Mediterranean Quinoa Salad



tortilla soup

1 cup uncooked quinoa, rinsed & drained
1 red bell pepper
1 yellow bell pepper
10 quartered kalamata olives
1/2 cup minced red onion
1/2 cup chopped fresh basil
1 tbsp chopped fresh mint
1 tbsp chopped fresh parsley
2 tbsp red-wine vinegar
2 tsp olive oil
1 tsp Dijon mustard
Salt & pepper to taste
Feta cheese to taste


1. Rinse quinoa well.

2. Place quinoa in a medium saucepan and add 2 cups of water, bring to a boil.

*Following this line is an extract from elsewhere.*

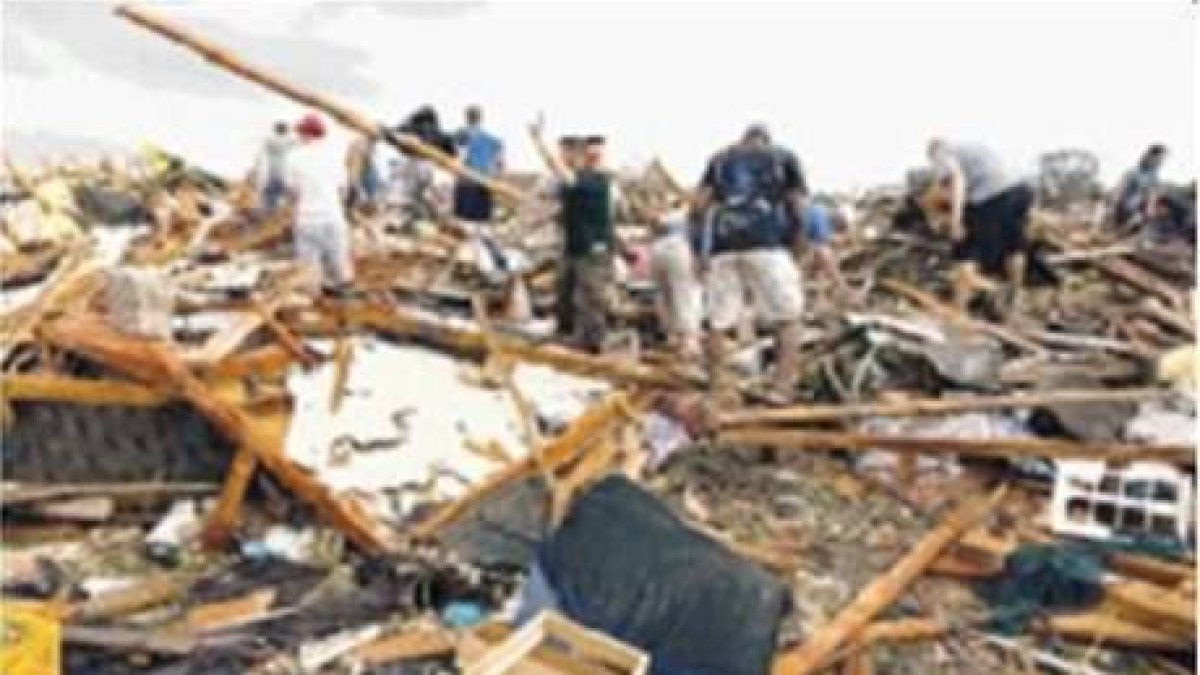 Tornado deja 51 muertos y grandes daños Oklahoma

Reduce  heat to low, cover and simmer 10 minutes, until liquid is absorbed.

3. Transfer quinoa to a large bowl and add veggies and herbs.

4. In a small bowl, make the dressing by whisking together red-wine vinegar, oil and mustard.

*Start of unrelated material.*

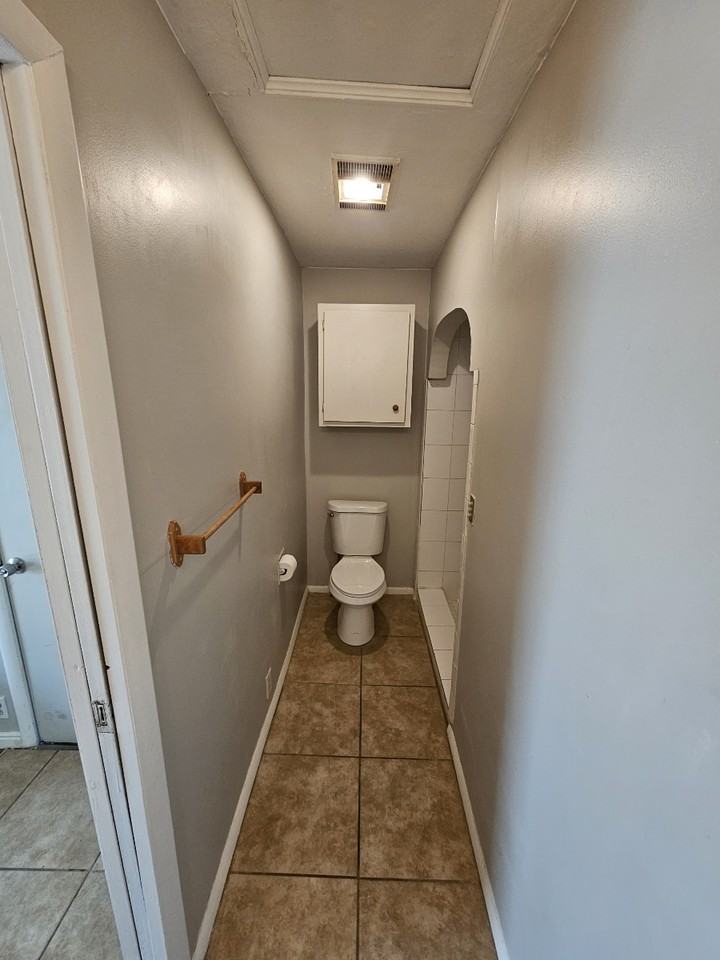 3163 Jefferson Ave - Photo 3 of 5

5. Add dressing to quinoa and toss to coat, season with salt and pepper.

6. Place in an airtight container and refrigerate until ready to use. Salad will last up to three days.

Serves 4.

Nutrition score per serving: Calories: 221, fat: 7g, carbohydrates: 33g, protein: 6g, fiber: 5g sodium: 151mg.